> **PROBLEM**
Produce a faithful copy of the data, one that leaves out the pictures.

> **SOURCE DATA**
+===+

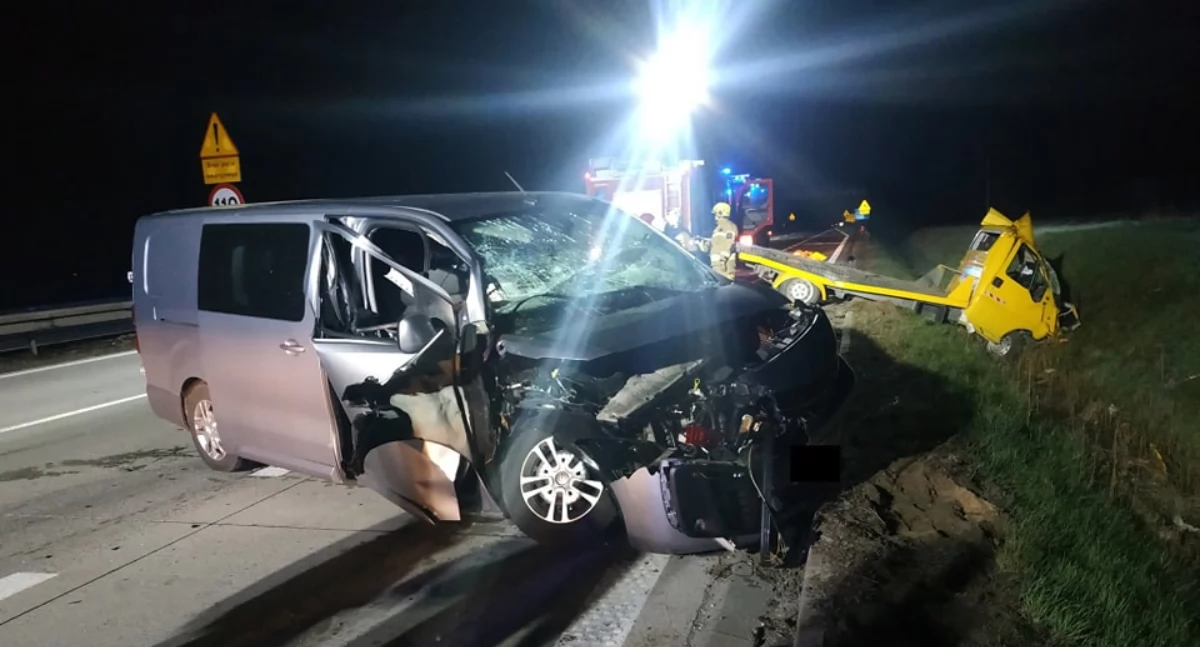Nocny wypadek busa i lawety na autostradzie A4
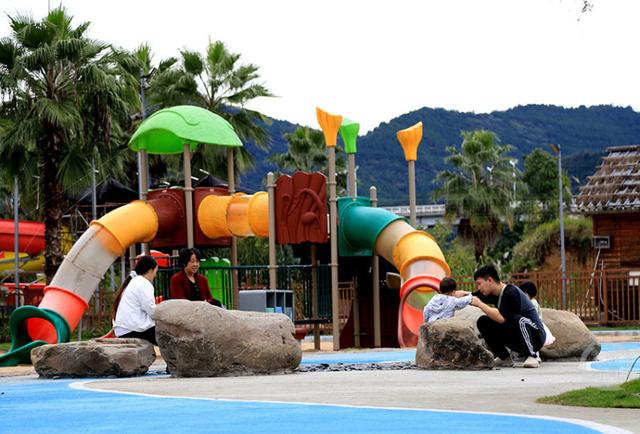 云阳阳光沙滩焕新升级 滨江盛景引客来
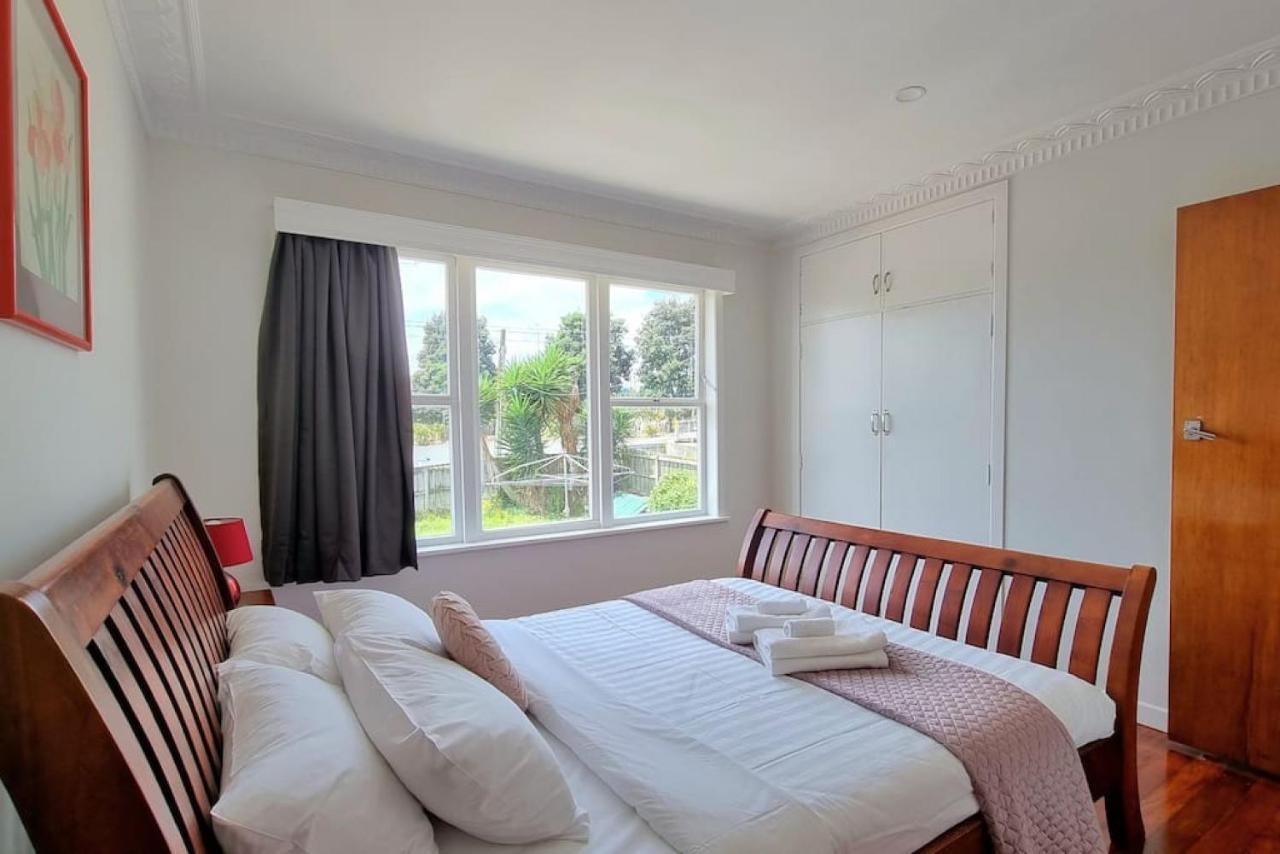 Family Gem In Hillsborough With Free Parking Auckland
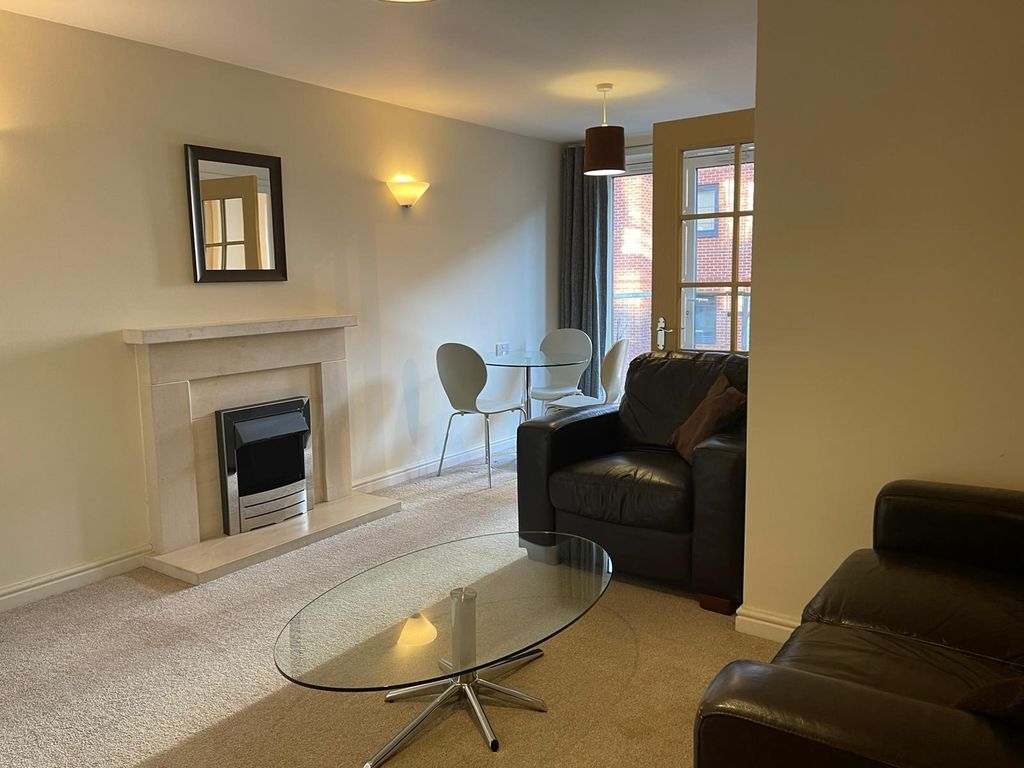 Property photo 2 of 9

+===+

> **ANSWER SPACE**
Nocny wypadek busa i lawety na autostradzie A4
 云阳阳光沙滩焕新升级 滨江盛景引客来
 Family Gem In Hillsborough With Free Parking Auckland
 Property photo 2 of 9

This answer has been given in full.